Fukú is not a spelling-check-be-damned "fuck you," but a curse - a mucho mala dose of rotten ju ju, and the lurking theme of Junot Díaz's scintillating new novel, The Brief and Wondrous Life of Oscar Wao. While superstition, belief in evil spirits, or fear of bad karma is certainly not culture-specific (my Irish grandmother kept banshees away by rubbing her fingers raw on Rosary Beads), Díaz uses it as a foundation to explain the remarkably tough tidings that befall the good people of the Dominican Republic and one of its misplaced sons, Oscar Wao.
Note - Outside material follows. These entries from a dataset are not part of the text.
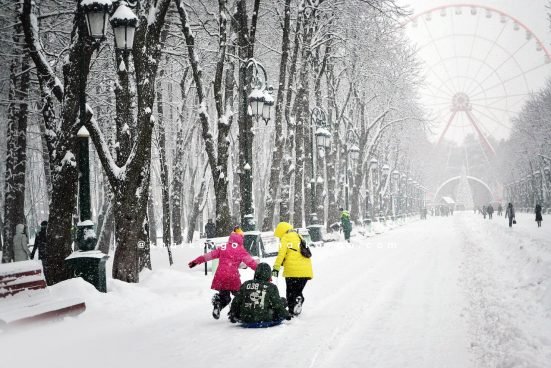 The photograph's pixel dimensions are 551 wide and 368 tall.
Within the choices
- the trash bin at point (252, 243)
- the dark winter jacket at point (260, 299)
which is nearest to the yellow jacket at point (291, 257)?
the dark winter jacket at point (260, 299)

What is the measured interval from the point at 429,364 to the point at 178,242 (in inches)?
768

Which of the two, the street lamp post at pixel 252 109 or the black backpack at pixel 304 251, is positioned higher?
the street lamp post at pixel 252 109

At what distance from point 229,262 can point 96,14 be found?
442cm

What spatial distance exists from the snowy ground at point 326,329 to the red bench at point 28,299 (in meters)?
0.19

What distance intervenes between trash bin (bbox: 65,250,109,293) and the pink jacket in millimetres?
2103

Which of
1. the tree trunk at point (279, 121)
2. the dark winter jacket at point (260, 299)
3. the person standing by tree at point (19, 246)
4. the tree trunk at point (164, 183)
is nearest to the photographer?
the dark winter jacket at point (260, 299)

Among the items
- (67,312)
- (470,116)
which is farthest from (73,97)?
(470,116)

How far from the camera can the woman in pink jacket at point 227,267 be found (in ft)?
24.6

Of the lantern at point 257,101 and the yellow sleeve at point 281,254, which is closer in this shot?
the yellow sleeve at point 281,254

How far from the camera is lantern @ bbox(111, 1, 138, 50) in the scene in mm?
8859

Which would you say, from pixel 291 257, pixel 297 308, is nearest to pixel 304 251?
pixel 291 257

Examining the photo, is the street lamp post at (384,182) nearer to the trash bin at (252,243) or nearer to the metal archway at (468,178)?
the trash bin at (252,243)

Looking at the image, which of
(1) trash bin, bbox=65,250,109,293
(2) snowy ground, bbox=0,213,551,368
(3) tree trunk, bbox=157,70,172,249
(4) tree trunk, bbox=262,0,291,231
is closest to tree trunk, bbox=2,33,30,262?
(3) tree trunk, bbox=157,70,172,249

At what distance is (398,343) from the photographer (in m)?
6.07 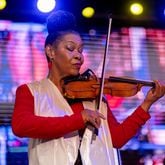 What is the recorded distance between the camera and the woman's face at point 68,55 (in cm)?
209

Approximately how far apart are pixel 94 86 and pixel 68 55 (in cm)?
17

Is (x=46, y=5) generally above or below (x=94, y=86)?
above

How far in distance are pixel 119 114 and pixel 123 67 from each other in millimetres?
316

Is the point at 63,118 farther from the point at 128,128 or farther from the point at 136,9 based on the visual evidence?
the point at 136,9

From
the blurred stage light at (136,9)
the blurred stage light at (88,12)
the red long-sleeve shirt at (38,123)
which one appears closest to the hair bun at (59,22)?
the red long-sleeve shirt at (38,123)

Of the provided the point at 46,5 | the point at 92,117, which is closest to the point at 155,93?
the point at 92,117

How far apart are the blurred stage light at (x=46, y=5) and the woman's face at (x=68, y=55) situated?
1.20m

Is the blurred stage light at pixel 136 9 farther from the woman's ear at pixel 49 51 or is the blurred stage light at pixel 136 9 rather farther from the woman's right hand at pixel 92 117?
the woman's right hand at pixel 92 117

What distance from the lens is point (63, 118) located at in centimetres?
186

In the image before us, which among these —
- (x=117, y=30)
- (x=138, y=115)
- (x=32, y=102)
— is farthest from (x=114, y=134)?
(x=117, y=30)

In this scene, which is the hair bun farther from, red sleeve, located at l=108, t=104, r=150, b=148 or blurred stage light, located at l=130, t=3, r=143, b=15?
blurred stage light, located at l=130, t=3, r=143, b=15

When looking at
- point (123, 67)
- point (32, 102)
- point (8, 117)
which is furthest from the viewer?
point (123, 67)

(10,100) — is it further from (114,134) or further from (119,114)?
(114,134)

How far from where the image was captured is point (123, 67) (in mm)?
3455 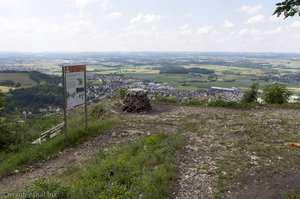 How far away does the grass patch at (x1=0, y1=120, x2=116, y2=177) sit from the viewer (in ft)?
30.8

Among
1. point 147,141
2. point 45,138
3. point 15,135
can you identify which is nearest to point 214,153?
point 147,141

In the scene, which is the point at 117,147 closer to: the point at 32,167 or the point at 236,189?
the point at 32,167

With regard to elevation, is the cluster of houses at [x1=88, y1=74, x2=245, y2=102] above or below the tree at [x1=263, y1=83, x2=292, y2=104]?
below

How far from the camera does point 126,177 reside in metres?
6.70

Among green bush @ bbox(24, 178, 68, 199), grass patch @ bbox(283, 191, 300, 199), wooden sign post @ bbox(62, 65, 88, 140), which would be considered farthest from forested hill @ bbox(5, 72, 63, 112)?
grass patch @ bbox(283, 191, 300, 199)

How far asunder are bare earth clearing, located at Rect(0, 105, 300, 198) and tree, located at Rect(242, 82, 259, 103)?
96.3 inches

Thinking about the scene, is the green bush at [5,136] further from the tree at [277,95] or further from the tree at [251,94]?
the tree at [277,95]

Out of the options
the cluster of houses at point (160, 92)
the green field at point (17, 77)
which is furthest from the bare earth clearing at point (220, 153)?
the green field at point (17, 77)

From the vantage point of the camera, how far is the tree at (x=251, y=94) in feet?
59.3

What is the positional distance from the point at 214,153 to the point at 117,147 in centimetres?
324

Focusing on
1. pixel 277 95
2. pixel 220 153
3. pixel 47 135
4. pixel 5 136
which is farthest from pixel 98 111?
pixel 277 95

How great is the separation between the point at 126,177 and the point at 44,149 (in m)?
4.75

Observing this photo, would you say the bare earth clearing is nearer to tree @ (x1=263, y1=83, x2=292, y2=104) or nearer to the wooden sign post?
the wooden sign post

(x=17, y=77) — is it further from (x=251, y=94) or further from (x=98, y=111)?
(x=251, y=94) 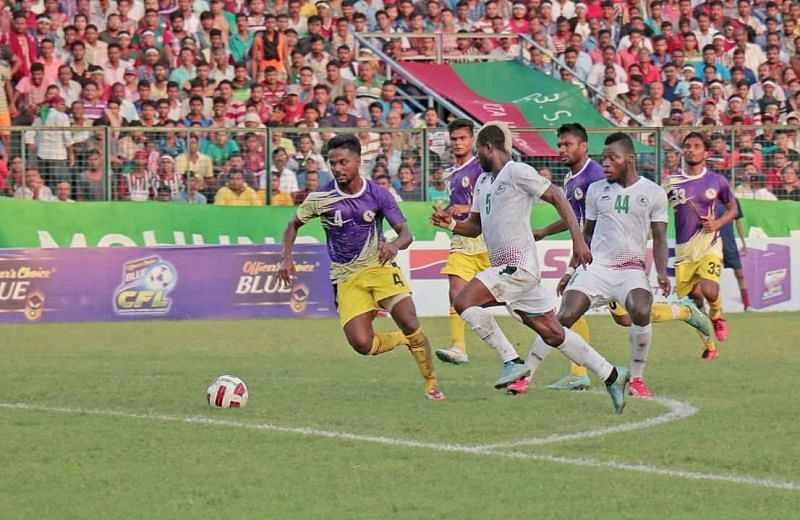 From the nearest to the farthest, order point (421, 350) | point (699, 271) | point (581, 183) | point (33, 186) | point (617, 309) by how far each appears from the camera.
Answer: point (421, 350) → point (581, 183) → point (617, 309) → point (699, 271) → point (33, 186)

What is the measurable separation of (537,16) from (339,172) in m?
15.5

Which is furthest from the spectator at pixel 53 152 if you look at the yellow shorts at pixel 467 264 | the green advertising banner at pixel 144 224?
the yellow shorts at pixel 467 264

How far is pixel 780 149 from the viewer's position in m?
22.6

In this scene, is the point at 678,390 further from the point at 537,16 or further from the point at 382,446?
the point at 537,16

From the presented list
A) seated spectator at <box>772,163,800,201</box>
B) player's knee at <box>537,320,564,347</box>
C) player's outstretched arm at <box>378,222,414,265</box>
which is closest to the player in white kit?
player's knee at <box>537,320,564,347</box>

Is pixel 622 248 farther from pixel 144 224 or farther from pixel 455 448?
pixel 144 224

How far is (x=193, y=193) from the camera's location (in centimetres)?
2116

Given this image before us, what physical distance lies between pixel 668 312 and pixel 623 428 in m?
4.08

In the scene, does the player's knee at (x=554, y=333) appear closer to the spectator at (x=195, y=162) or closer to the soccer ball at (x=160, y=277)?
the soccer ball at (x=160, y=277)

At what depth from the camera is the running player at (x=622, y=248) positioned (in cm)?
1197

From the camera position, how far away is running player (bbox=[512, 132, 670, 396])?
11969mm

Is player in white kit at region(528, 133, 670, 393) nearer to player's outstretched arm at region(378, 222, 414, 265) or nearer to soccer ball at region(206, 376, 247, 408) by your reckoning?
player's outstretched arm at region(378, 222, 414, 265)

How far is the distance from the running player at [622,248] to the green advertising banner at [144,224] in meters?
9.23

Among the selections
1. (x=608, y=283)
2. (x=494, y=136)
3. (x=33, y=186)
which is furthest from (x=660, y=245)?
(x=33, y=186) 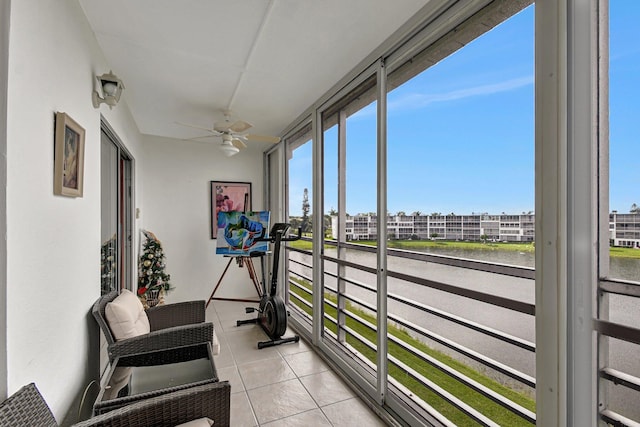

The porcine Wao is the tip (or the base, if you want to be metaphorically cruel) of the fukú iceberg. Growing up in the ruined wilds of industrialized North Jersey, he is a Ghetto Nerd, whose obese homeliness, sci-fi devotion, and virginity (not his choice) makes him an urban wallflower, or, as Díaz writes, the neighborhood pariguayo (party watcher). Oscar is nothing like his male Dominican counterparts: suave and sexually active players who eat more puto than plaitanos. Díaz paints Wao's grotesque physicality and pariah's penchant for role-playing games with a brush that makes one sorry for the youngster's predicament, but also angry that he doesn't do something about it. You feel Oscar's plight more than you can rationalize it, and in this regard Díaz has created a conflicted but memorable character that floats somewhere in the literary ether between Dostoevsky's Raskonikov and John Kennedy Toole's Ignatius Reilly.

Like all talented writers, Díaz has the capacity to teach without seeming to. The novel is akin to a Ken Burns PBS documentary, so thorough is it in sizing up the history of the DR and it's villainous despot, Trujillo (the alleged source of all the fukú). But Díaz's lesson plan is denser, more stunning, and more painful to experience than anything taught in a classroom. He has the rare literary chops to integrate the past into the present while creating an inevitable future.

One way he accomplishes this time-meld is with the use of footnotes that are scattered expertly throughout the text, illuminating, for the most part, the dank atrocities of the Trujillo years. Yet these asides are seamless extensions (not required pit stops) of the narrative, written in the same conversational (a mix of English, Spanish, and professorial-level ebonics) that Díaz has expertly crafted as a literary voice.

Díaz's novel reads in some way like a My Space page - with words as links and ideas as portholes to communities and forums heard and unheard. Like James Ellroy's American Tabloid, a novel that blends facts and fiction to create a new and more believable motive behind the JFK assassination, Díaz recounts history (the DR saga and the diaspora of its peoples) in a way that seems more credible and complete than any journalist's take could ever do.

So I strongly suggest reading The Brief and Wondrous Life of Oscar Wao. And not just for the usual reasons for reading a book of high caliber, but because it might provide one with an injection of Zafa - the antidote for fukú

However, if you feel immune to the dark forces of the ghost world, feel free to ignore my recommendation. Just don't come crying to me when the shit hits the fan, because, amigo, you know it will.